── Records ──

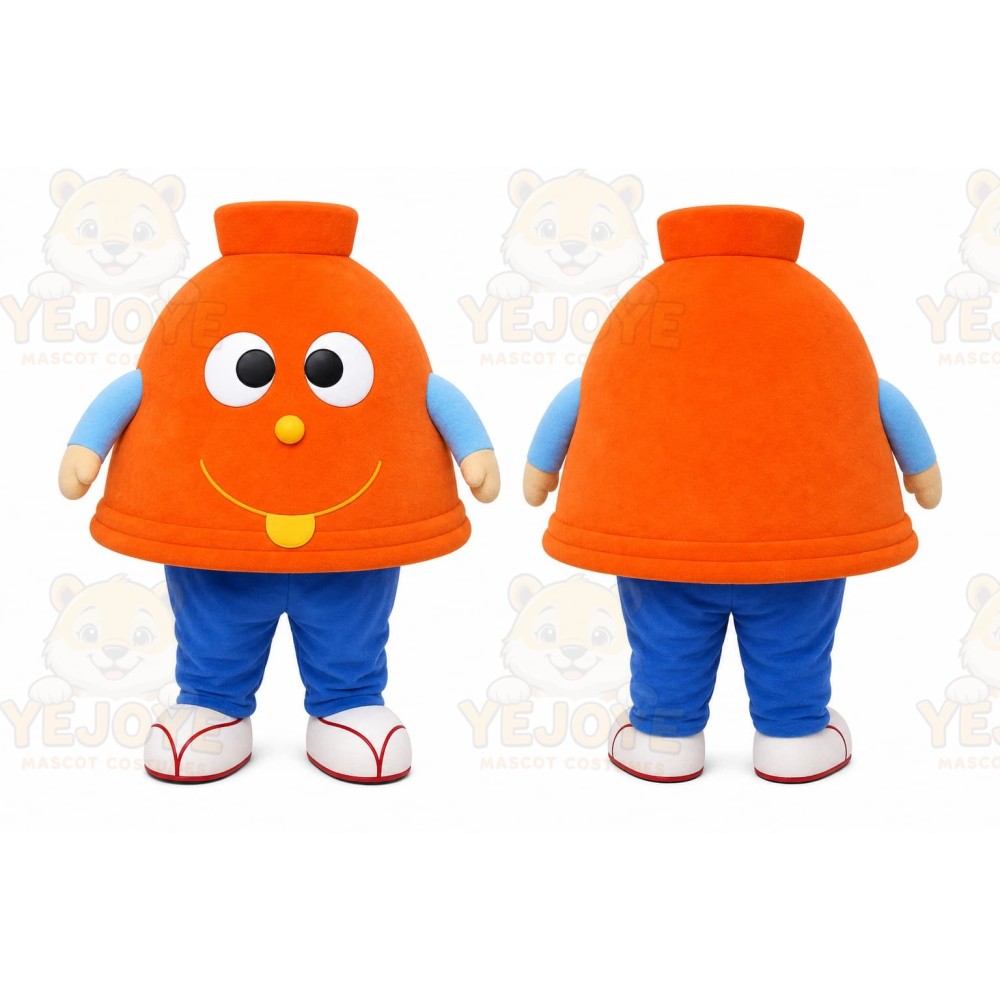 Orange Cartoon Bell Mascot Costume for Events and Promotions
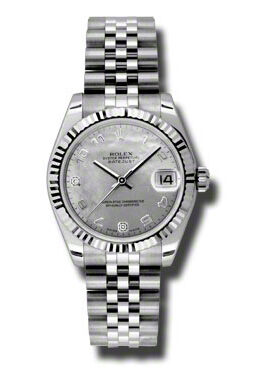 Rolex Datejust Lady 31 White Goldust Mother of Pearl Dial Stainless Steel Jubilee Bracelet Automatic Watch #178274WGDMADJ - Watches of America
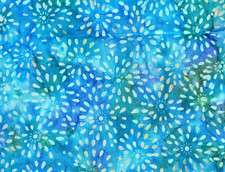 Artisan Batiks Splash Blue/Green Starburst Cotton Quilting Fabric 2 1/2 Yards
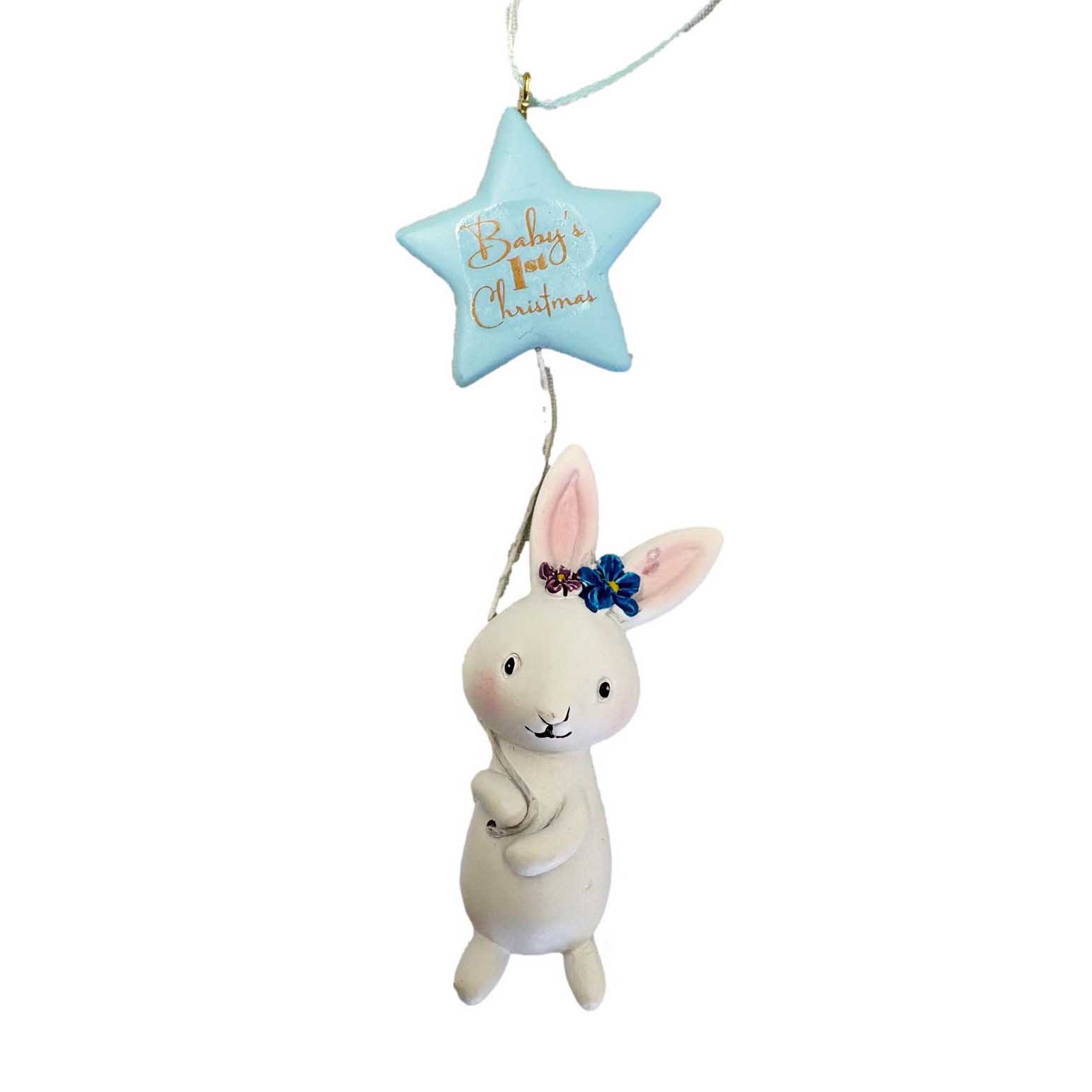 Baby's First Rabbit With Blue Star Balloon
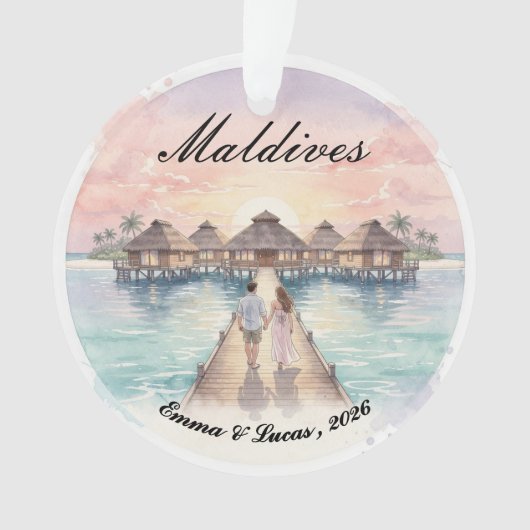Custom Couple Maldives Honeymoon Keepsake Ornament (Vorderseite)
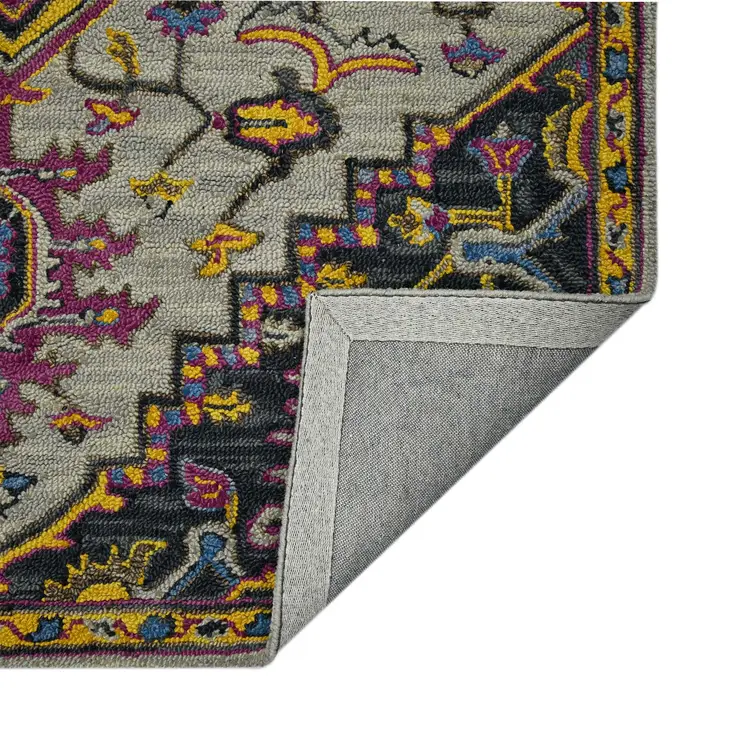 8' X 10' Gray Purple And Gold Wool Medallion Hand Tufted Area Rug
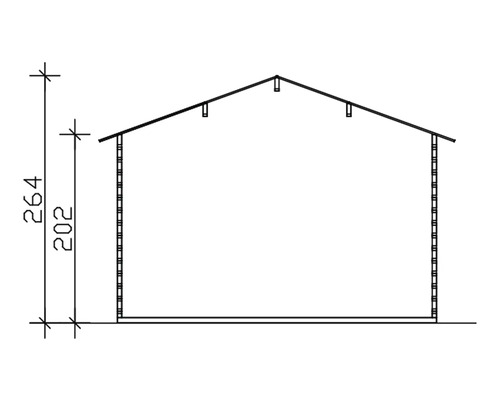 Schéma d''une maison de jardin avec les hauteurs indiquées
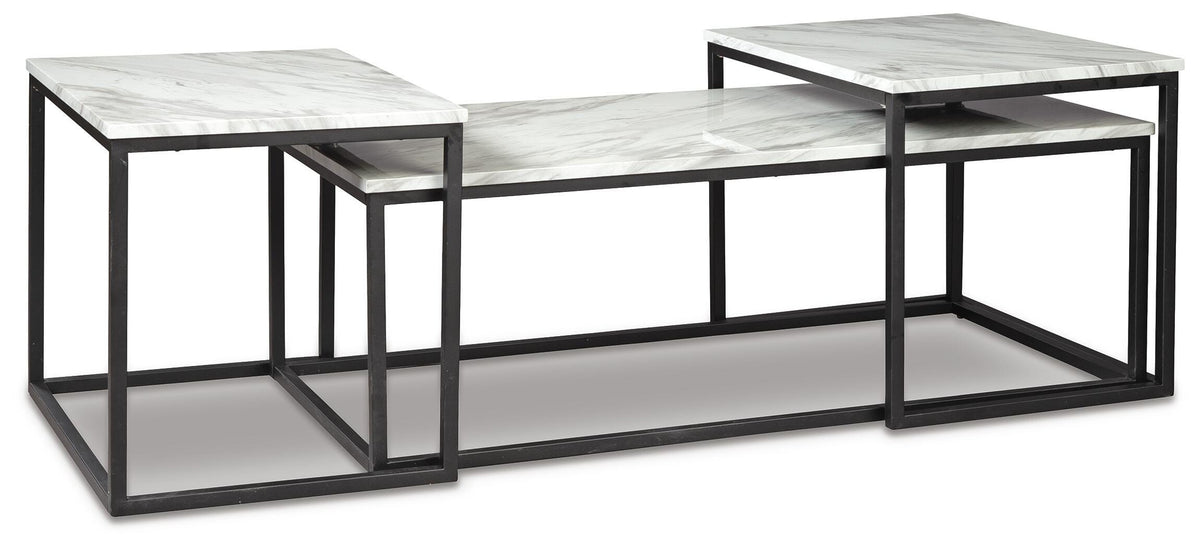 Donnesta Table (Set of 3) - Gray/Black  (T182-SI)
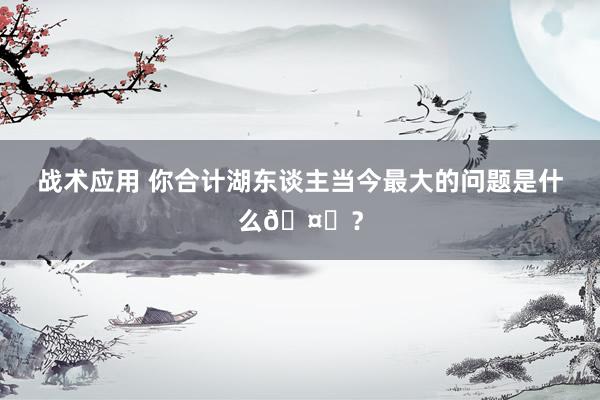 战术应用 你合计湖东谈主当今最大的问题是什么🤔？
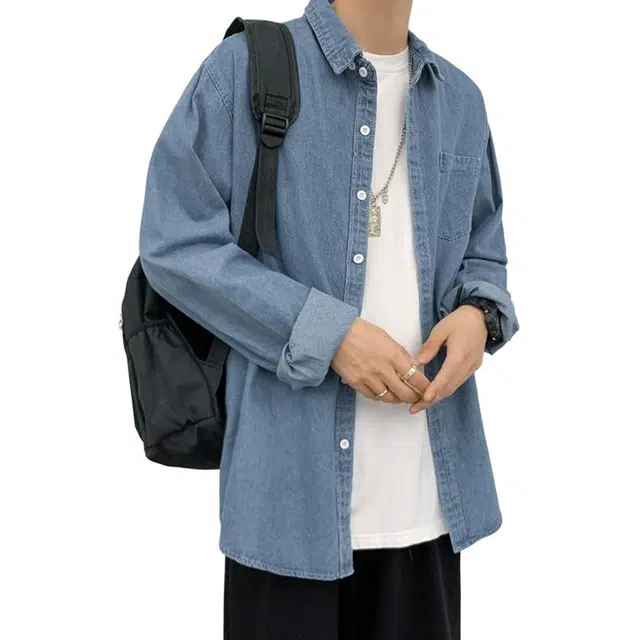 顶峰保罗 美式复古潮牌宽松休闲衬衣外套无性别主义痞帅工装时尚百搭高级感纯色牛仔衬衫 男女同款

───

# Task instructions
The copy must begin with the line containing "Schéma d''une maison", end with the last line of the material, match each line exactly, and hold no pictures.

# Your response
 Schéma d''une maison de jardin avec les hauteurs indiquées
 Donnesta Table (Set of 3) - Gray/Black  (T182-SI)
 战术应用 你合计湖东谈主当今最大的问题是什么🤔？
 顶峰保罗 美式复古潮牌宽松休闲衬衣外套无性别主义痞帅工装时尚百搭高级感纯色牛仔衬衫 男女同款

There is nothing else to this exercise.